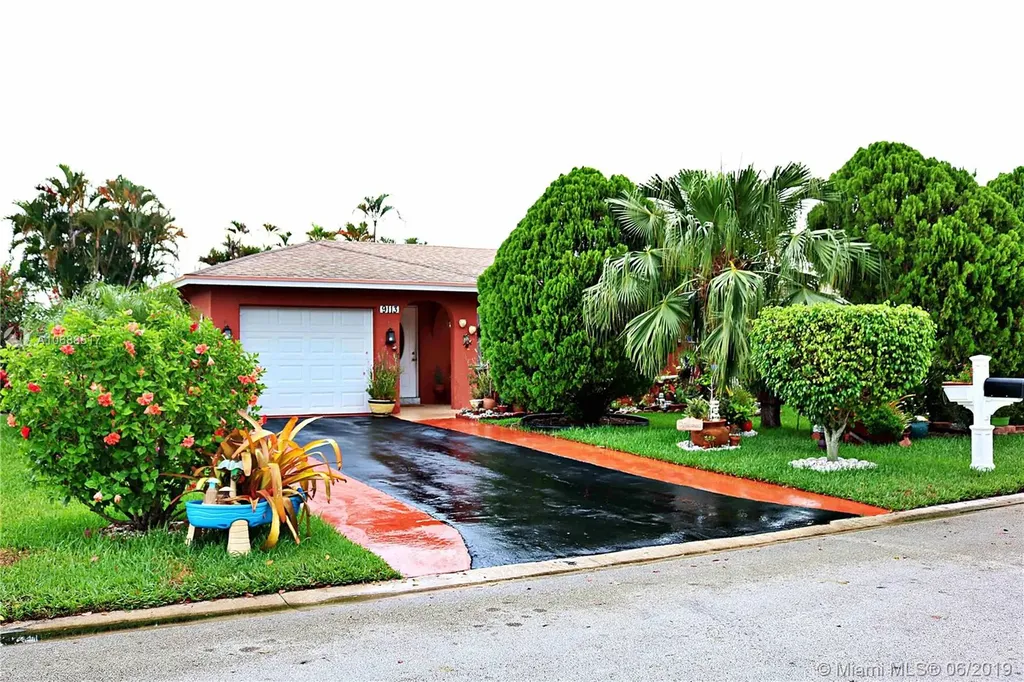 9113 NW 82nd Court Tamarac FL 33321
* * *
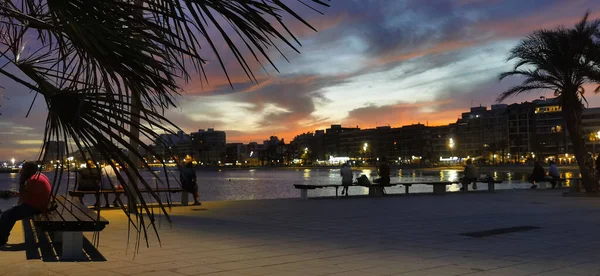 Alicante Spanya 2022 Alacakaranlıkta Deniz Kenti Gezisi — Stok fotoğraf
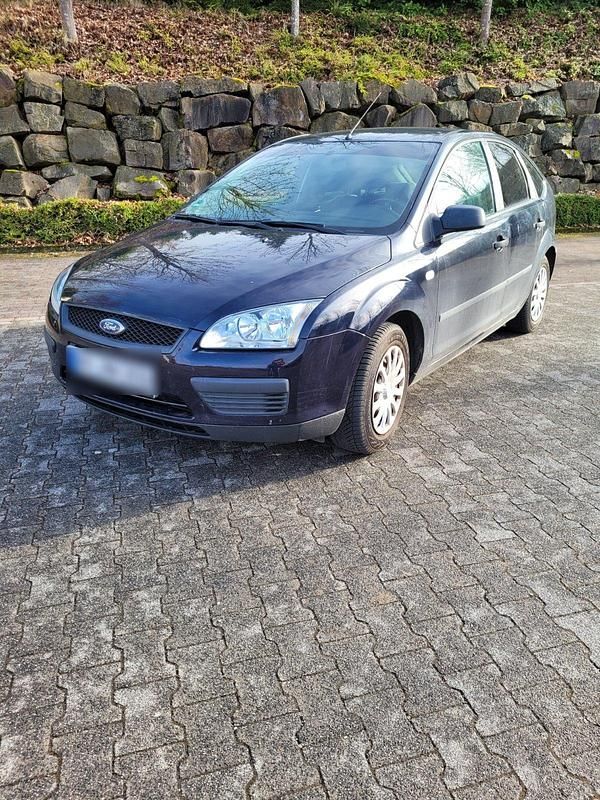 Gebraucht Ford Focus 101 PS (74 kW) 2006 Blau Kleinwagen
...
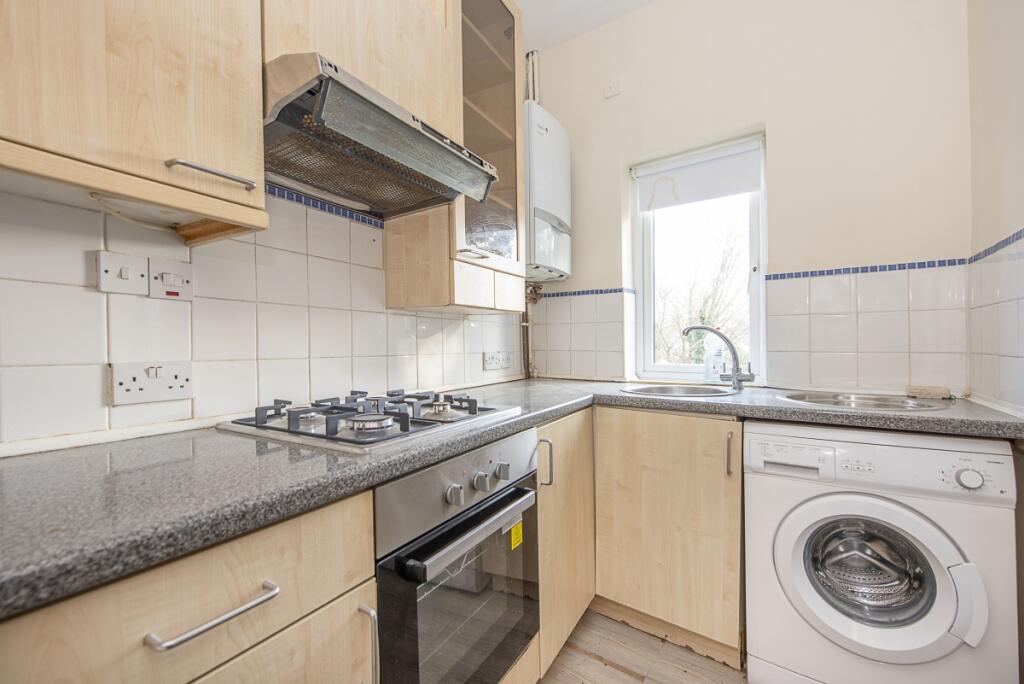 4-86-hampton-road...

**WHAT THE EXERCISE ASKS**
The answer must be the part of the records that opens with the line containing "Alicante Spanya 2022" and closes with the line containing "Gebraucht Ford Focus", reproduced exactly, with no pictures.

**RESPONSE AREA**
 Alicante Spanya 2022 Alacakaranlıkta Deniz Kenti Gezisi — Stok fotoğraf
 Gebraucht Ford Focus 101 PS (74 kW) 2006 Blau Kleinwagen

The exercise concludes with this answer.